| Supplied material |
***

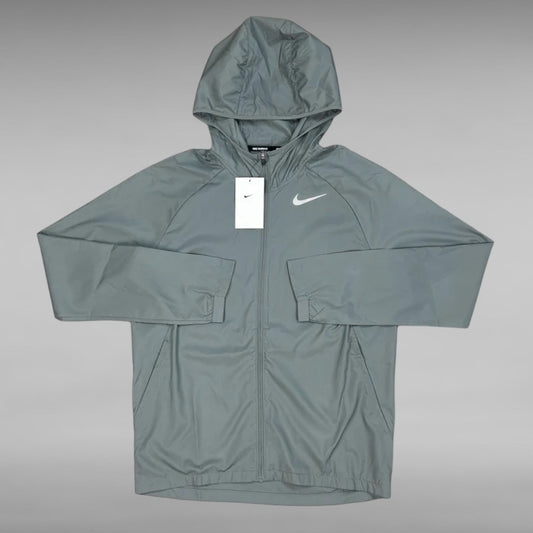 NIKE ESSENTIALS WINDRUNNER - GREY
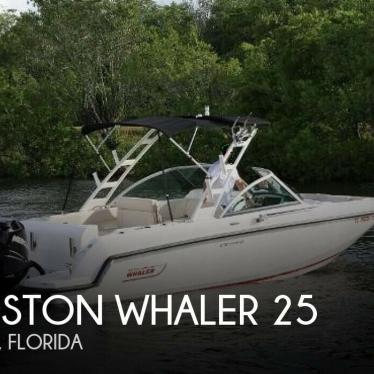 2014 Boston Whaler 25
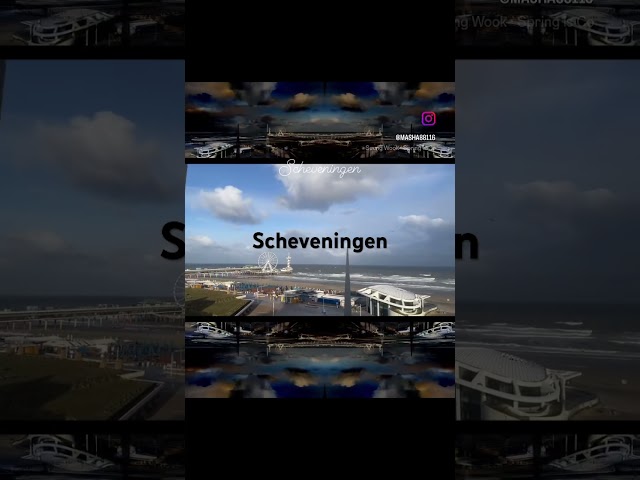 #scheveningen #denhaag #beachlife #thenetherlands #shorts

***

In transcribing the lines above, omit the images and keep all else exact.

 NIKE ESSENTIALS WINDRUNNER - GREY
 2014 Boston Whaler 25
 #scheveningen #denhaag #beachlife #thenetherlands #shorts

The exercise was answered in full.